Su questa falsa riga, durante l’estate scorsa la regione Puglia aveva pubblicato un bando con cui si finanziavano le strutture turistiche qualora queste avessero eliminato i simboli cristiani, diventando “Muslim Friendly” per rendersi più accoglienti nei confronti dei musulmani. La cantilena è la stessa di sempre: è bene che i Cristiani si facciano da parte in nome della loro millenaria dominazione sul mondo e che si aprano invece all’incontro con le millantate minoranze oppresse, quella musulmana in primis, circondata dalla sua aura di sacra intangibilità.

È curioso notare, ogni qual volta che si parla di Cristianesimo, quanto sia scontato individuarne solo gli aspetti negativi e sanguinari, magari includenti gli scenari di guerra afferenti al Vecchio Testamento, senza mai prenderne in considerazione l’esegesi, l’interpretazione e la contestualizzazione in chiave odierna: la stessa libera interpretazione che invece diventa reato per quanto riguarda le scritture nell’Islam, di cui è d’obbligo attenersi esclusivamente al mero significato letterale e che da secoli e secoli considera donne e omosessuali creature inferiori rispetto agli uomini.

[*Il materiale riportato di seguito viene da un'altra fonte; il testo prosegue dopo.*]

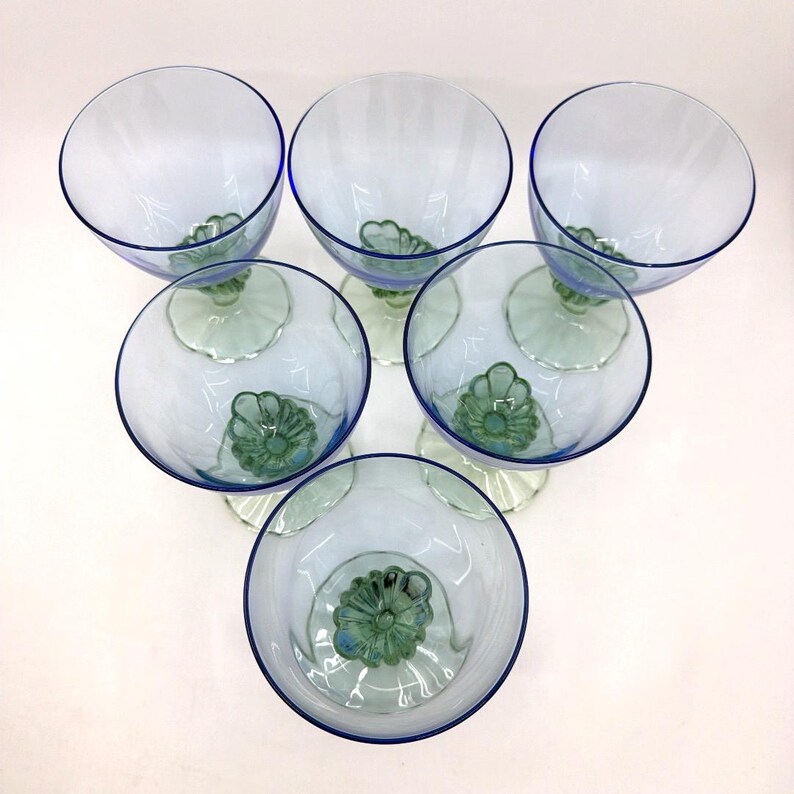 K&ouml;nnte beinhalten: Sechs transparente Weingl&auml;ser mit blauem Rand und gr&uuml;nem Blumendesign am Boden. Die Gl&auml;ser sind kreisf&ouml;rmig angeordnet und pr&auml;sentieren ihr elegantes Design. Ideal zum Servieren von Getr&auml;nken bei einer besonderen Veranstaltung.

Fa quasi amaramente sorridere ripensare a Malika e ai suoi genitori che hanno pensato di cacciarla di casa solo perché omosessuale. Ripensare alle battaglie mediatiche contro una famiglia omofoba, alla solidarietà di massa del web nei confronti di una ragazza diventata paladina dei diritti civili, bandiera da sventolare per favorire l’approvazione del mistico ddl Zan, alle trasmissioni televisive che l’hanno ospitata per raccontare la sua battaglia. Eppure tutto concluso e scagliato nell’oblio non appena si scopre la religione musulmana della famiglia stessa. Eppure lascia attoniti e sconcertati la vicenda Saman, la giovanissima ragazza di origini pakistane, umiliata, ferita e infine barbaramente uccisa dalla sua stessa famiglia, quella famiglia da cui avrebbe sognato solo incondizionato amore e protezione e che invece è diventata carnefice, incubo, oppressione, orrore e ostacolo a ogni suo sogno.

La sua unica colpa sembra essere quella di avere un fidanzato e forse delle abitudini giudicate inconvenienti, smodatamente occidentali: non rispettare il Ramadan, truccarsi, e infine il grande affronto, quello di rifiutarsi categoricamente di sposare un cugino nel nome di un matrimonio combinato. Che ci sia da monito il suo corpo straziato, occultato, disonorato, abbandonato chissà dove, in nome della più atroce delle barbarie. Che ci siano da monito le vessazioni e le umiliazioni quotidiane cui le donne musulmane sono sottoposte nel nome di una religione che non conosce differenza tra libertà e obbedienza.